DETROIT – A proposal on the upcoming ballot is aiming to take the power of drawing district boundaries away from legislature.
Gerrymandering is a political strategy in which the party in control draws up voting districts in a way that benefits that party.
Supporters of Proposal 2 say their plan would eliminate the partisan influence in establishing voting districts.
The word "gerrymander" dates back to 1912 and Massachusetts Gov. Elbridge Gerry, who signed a bill to redistrict an area of North Boston to benefit his political party. A newspaper cartoon compared the contorted district to the shape of a mythical salamander and called it a "Gerry-mander."
The practice has thrived ever since.
People might think logical voting boundaries for a given district should be a certain way, but they can turn into contorted shapes designed to include desired votes and eliminate others. It happens all across the country, helping whichever political party is in power to stay in power.
Proposal 2 would create a commission of randomly selected voters with authority to assign district boundaries, taking that job away from legislature.

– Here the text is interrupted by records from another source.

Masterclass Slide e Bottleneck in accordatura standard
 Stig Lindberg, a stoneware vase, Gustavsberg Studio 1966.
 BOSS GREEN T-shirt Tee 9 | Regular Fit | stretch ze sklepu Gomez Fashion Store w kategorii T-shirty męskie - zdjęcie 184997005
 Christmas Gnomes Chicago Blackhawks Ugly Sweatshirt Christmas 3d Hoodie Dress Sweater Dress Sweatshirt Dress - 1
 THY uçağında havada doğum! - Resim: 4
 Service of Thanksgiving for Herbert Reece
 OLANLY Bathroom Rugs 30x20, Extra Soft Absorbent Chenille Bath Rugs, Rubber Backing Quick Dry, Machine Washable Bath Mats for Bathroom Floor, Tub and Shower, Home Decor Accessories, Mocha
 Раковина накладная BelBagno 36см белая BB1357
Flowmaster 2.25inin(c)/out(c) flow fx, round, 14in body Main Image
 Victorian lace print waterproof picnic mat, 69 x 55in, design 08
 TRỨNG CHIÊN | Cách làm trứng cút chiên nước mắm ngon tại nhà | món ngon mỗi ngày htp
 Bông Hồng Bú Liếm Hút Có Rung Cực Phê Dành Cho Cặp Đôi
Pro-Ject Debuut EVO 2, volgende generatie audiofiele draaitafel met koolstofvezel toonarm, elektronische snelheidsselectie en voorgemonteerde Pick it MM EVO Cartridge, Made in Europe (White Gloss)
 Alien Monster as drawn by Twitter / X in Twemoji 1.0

The commission would have 13 members -- four who identify as Republicans, four who identify as Democrats and five who consider themselves independent.
Currently, there are 21 states that use some form of nonpartisan or bipartisan commission to set district boundaries.
Michigan voters should remember to turn the ballot over when they vote, because the proposals are on the back. Vote yes on Proposal 2 to create the citizen commission, and vote no to keep control of the district boundaries in the legislature.